[Start of Attachment]

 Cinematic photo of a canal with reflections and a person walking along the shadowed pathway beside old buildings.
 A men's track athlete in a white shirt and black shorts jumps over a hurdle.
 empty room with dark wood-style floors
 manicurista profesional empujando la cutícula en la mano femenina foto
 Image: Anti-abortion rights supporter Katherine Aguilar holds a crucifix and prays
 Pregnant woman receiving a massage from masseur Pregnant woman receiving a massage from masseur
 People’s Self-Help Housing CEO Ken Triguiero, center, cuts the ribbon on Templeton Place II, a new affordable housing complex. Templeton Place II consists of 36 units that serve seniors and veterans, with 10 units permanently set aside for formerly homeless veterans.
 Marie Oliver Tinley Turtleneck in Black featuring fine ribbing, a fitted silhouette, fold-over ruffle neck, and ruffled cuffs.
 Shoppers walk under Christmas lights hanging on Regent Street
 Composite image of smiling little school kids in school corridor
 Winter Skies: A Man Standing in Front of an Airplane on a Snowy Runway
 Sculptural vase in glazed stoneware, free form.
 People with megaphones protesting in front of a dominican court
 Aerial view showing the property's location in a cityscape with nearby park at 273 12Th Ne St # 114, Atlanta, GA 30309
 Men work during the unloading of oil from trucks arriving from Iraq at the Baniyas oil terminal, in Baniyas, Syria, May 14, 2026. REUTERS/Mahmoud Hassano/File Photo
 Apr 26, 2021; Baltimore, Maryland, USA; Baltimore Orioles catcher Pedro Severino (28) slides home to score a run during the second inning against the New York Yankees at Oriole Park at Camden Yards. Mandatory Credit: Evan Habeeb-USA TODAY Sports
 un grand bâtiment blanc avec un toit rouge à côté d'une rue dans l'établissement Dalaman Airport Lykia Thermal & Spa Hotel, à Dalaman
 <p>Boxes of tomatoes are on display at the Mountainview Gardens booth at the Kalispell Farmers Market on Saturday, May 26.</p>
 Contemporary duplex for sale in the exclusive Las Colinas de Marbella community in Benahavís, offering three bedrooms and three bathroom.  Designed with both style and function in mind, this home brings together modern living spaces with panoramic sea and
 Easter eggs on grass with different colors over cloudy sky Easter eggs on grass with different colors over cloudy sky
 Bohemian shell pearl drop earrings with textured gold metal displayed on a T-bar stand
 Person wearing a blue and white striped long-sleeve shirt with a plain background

[End of Attachment]

WHAT THIS TASK INVOLVES:
Check each line of the listing above. Copy the ones with the word "white".

RESULT OF THIS EXERCISE:
 A men's track athlete in a white shirt and black shorts jumps over a hurdle.
 Person wearing a blue and white striped long-sleeve shirt with a plain background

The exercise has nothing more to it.